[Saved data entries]

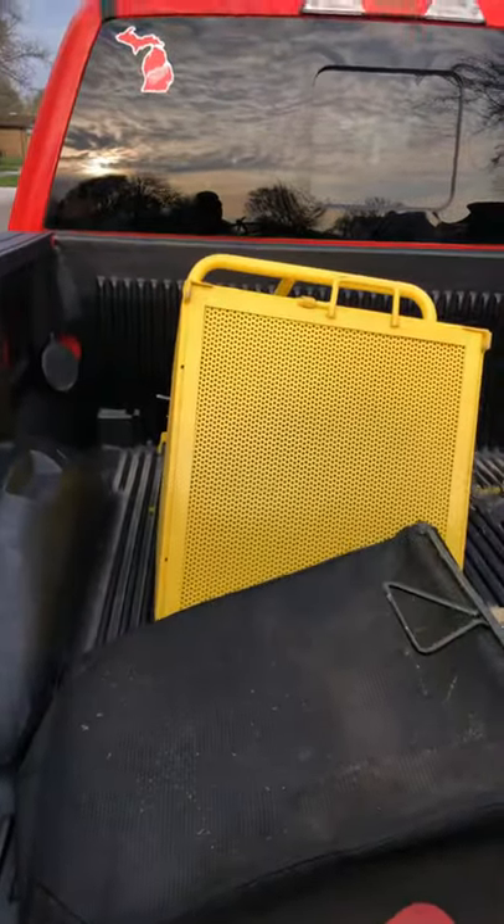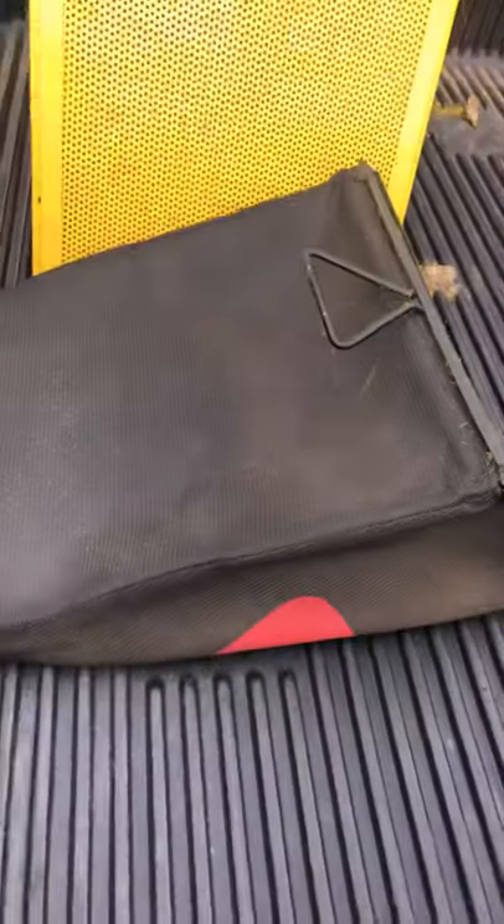Let's get into the baggers real quick. We've got a Pack'em bagger for the 36, and then we have a Toro Time Master bag. The Pack'em bagger is a great bagger — it gets everything you need it to get, bags great. I paid a good price for it; didn't get it brand new, I got it used off Facebook Marketplace.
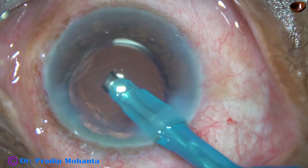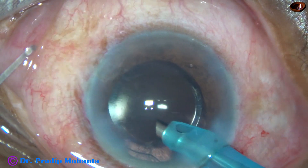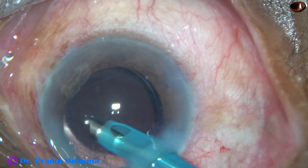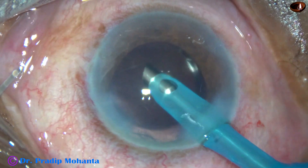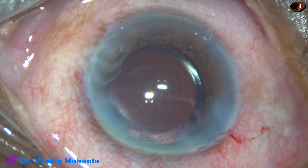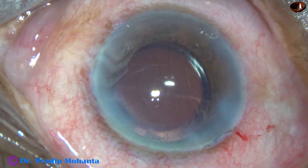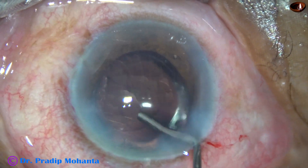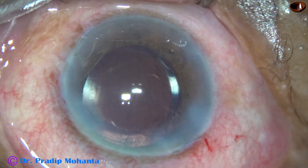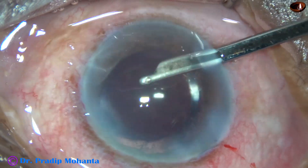Whenever you need to protect the posterior capsule 100% — you want 100% protection — this is the way. Other instruments like posterior capsule protector, an iris spatula, or a long chopper all provide only partial protection. But the IOL scaffold protects the posterior capsule 100%, offers 100% protection.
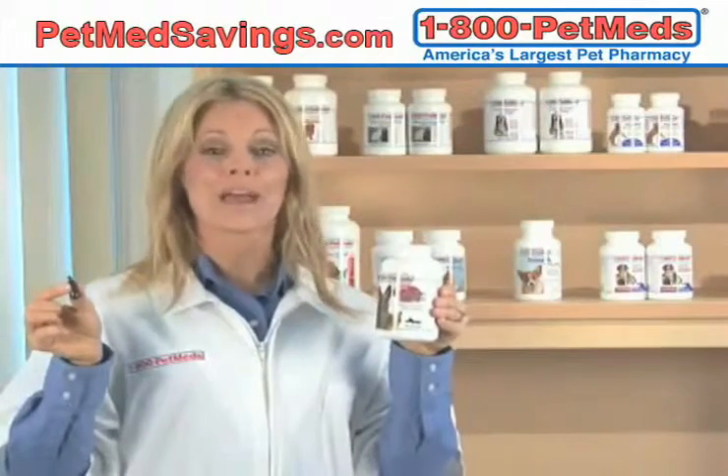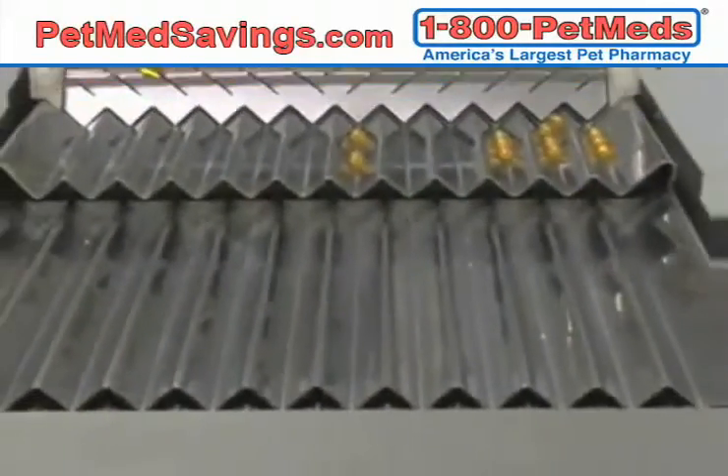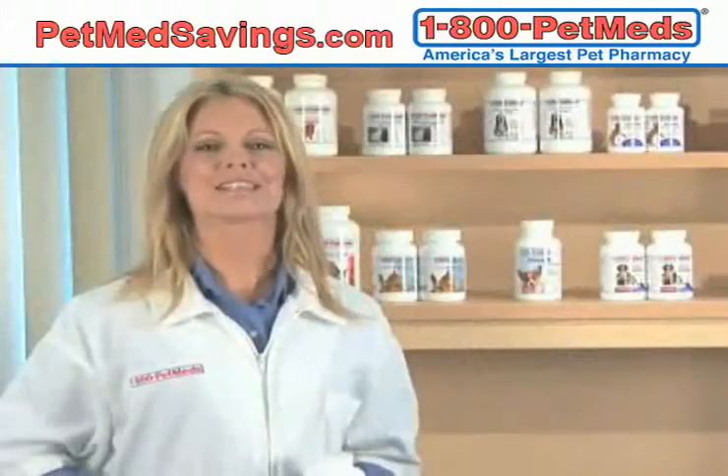Super Joint Omega is packaged here in the USA in an FDA-approved, state-of-the-art facility. We follow strict quality control procedures so you can be assured that every soft gel your pet eats is healthy and safe.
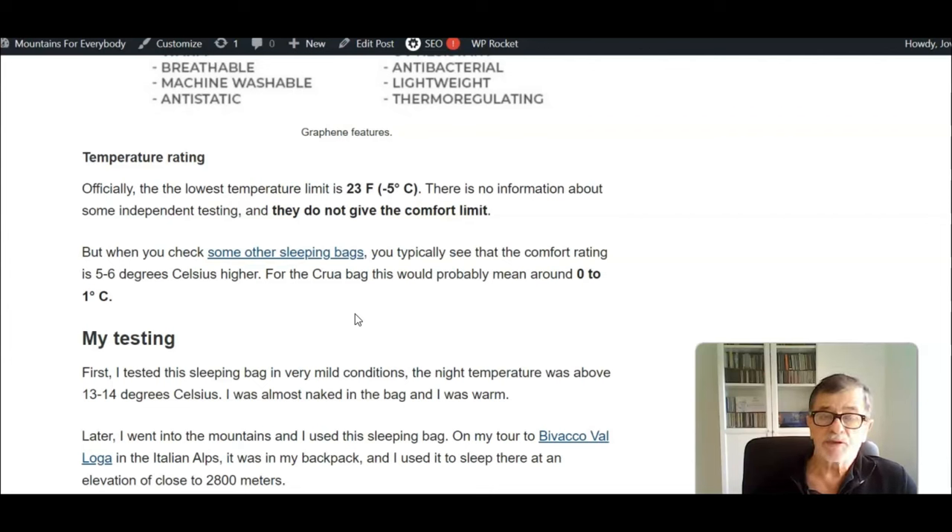This all depends on how many layers you have on. I didn't have especially warm or thick layers while sleeping because I don't feel comfortable that way. My conclusion is that this sleeping bag is suitable for temperatures above 5°C, at least from my own experience. Thanks for watching.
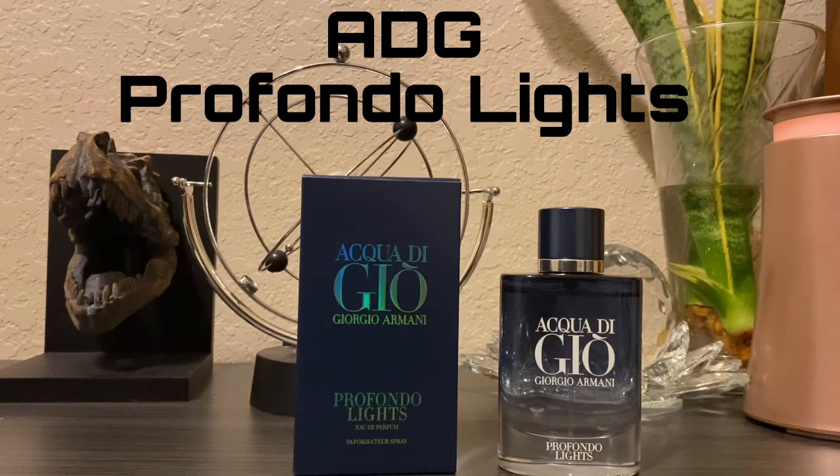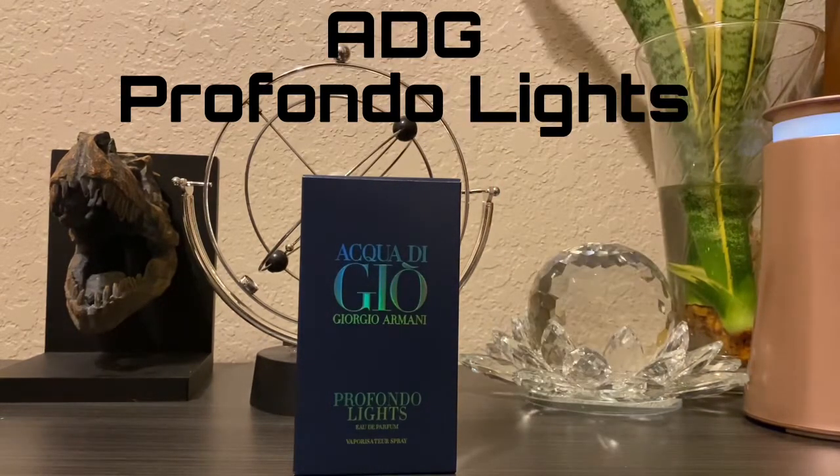Comparing it to Profundo the original, it does have a lot of the Profundo DNA — it's just more of a seaside or watery aquatic than the original. You'd think a fragrance called Profundo Lights would be light, but in reality it is not a light fragrance. It is a good summer fragrance with an aromatic feel and a lot of greenness, along with those marine notes. Let's go ahead and spray this on skin.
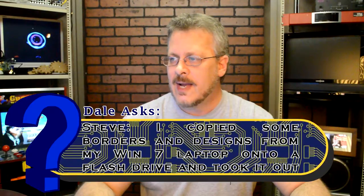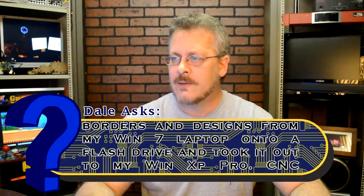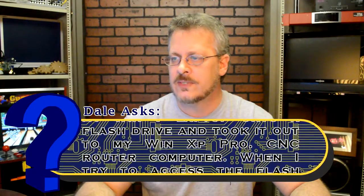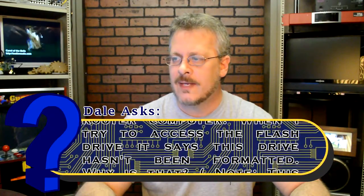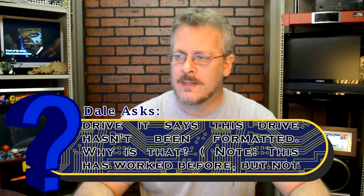The question is: I copied some borders and designs from my Windows 7 laptop onto a flash drive and took it out to my Windows XP Pro CNC router computer. When I tried to access the flash drive, it says the drive hasn't been formatted. Why is that? This has worked before but not now.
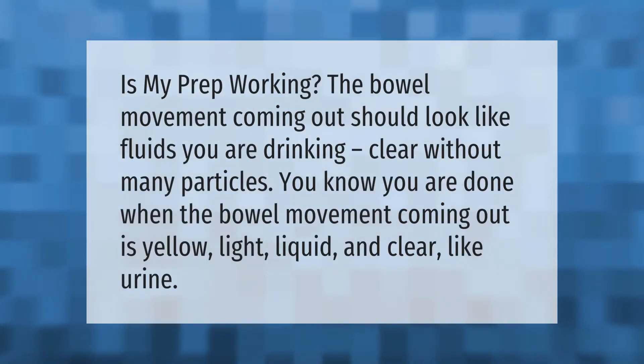Is my prep working? The bowel movement coming out should look like the fluids you are drinking — clear without many particles. You know you are done when the bowel movement coming out is yellow, light, liquid, and clear like urine.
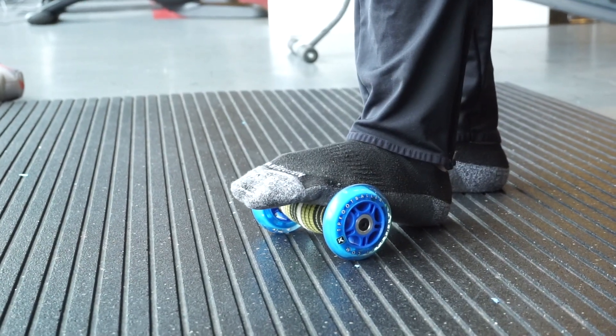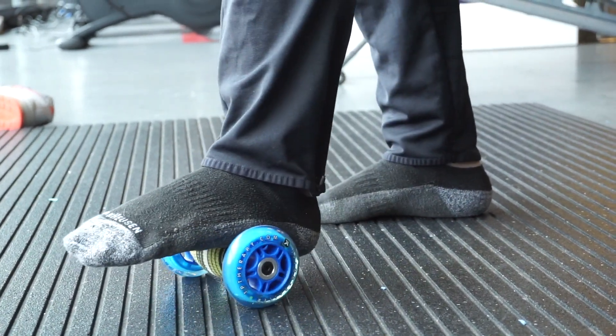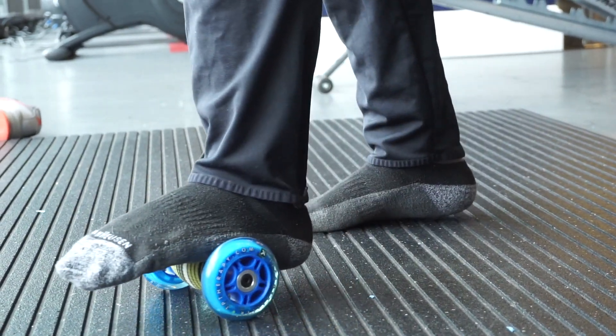You're going to start with this roller right under the center of your foot, right under the bony part of your toes, rolling back and forth. Make sure you keep pressure on there — don't just roll it, press into that bad boy.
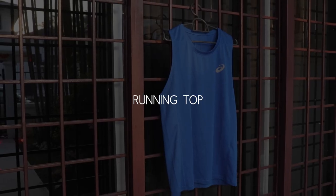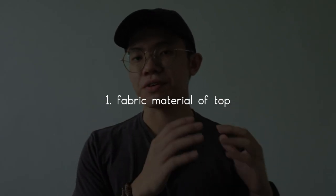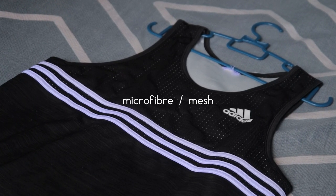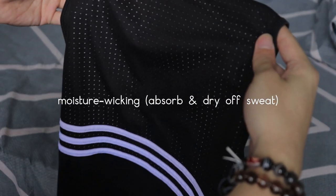First, let's talk about running top. When I'm looking for my running top, I have set several criteria as my guidelines. Number one, the fabric materials of the running top. I always look for the running top that is made out of microfibers or mesh material because this material is lightweight, breathable and has good abilities in moisture wicking.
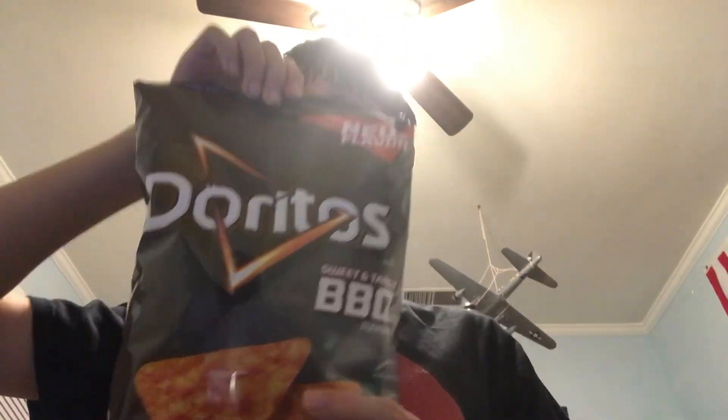Hello everybody! Welcome back to another video and today we're going to try barbecue flavored Doritos. I've heard of these but I was never able to find them in stores until today. I'm really excited to try these.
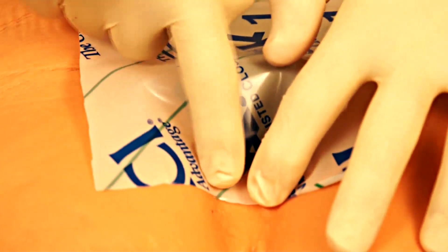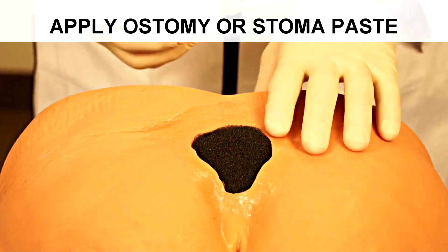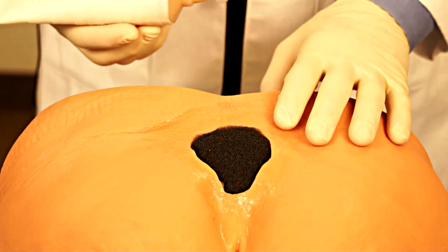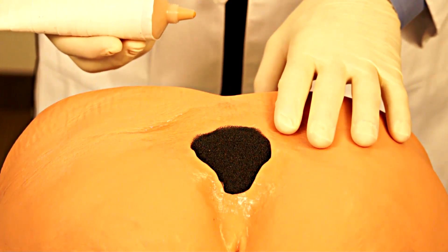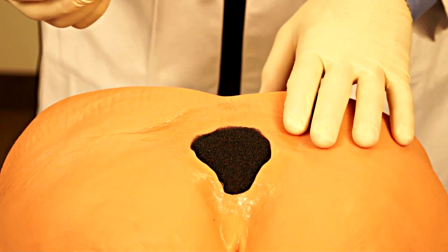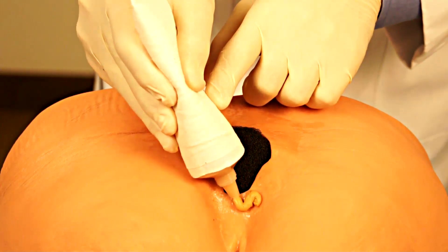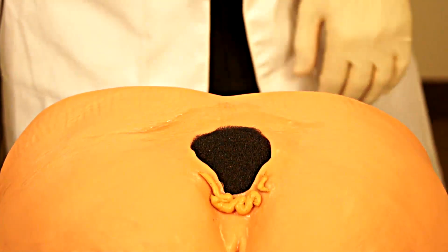One assist in achieving a good seal over the wound is to use ostomy or stoma paste. Stoma paste is supplied by prescription or from your medical device vendor. It commonly comes in a tube, and sometimes it is in a strip or a roll. You can apply stoma paste in the area where there is a defect in the skin prior to applying your adhesive.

## Brief
Only the lines from the line with "First, let's talk" through the closing line of the data, both included, should be set down, exactly as written and without pictures.

## Solved exercise
First, let's talk about running top. When I'm looking for my running top, I have set several criteria as my guidelines. Number one, the fabric materials of the running top. I always look for the running top that is made out of microfibers or mesh material because this material is lightweight, breathable and has good abilities in moisture wicking.
Hello everybody! Welcome back to another video and today we're going to try barbecue flavored Doritos. I've heard of these but I was never able to find them in stores until today. I'm really excited to try these.
One assist in achieving a good seal over the wound is to use ostomy or stoma paste. Stoma paste is supplied by prescription or from your medical device vendor. It commonly comes in a tube, and sometimes it is in a strip or a roll. You can apply stoma paste in the area where there is a defect in the skin prior to applying your adhesive.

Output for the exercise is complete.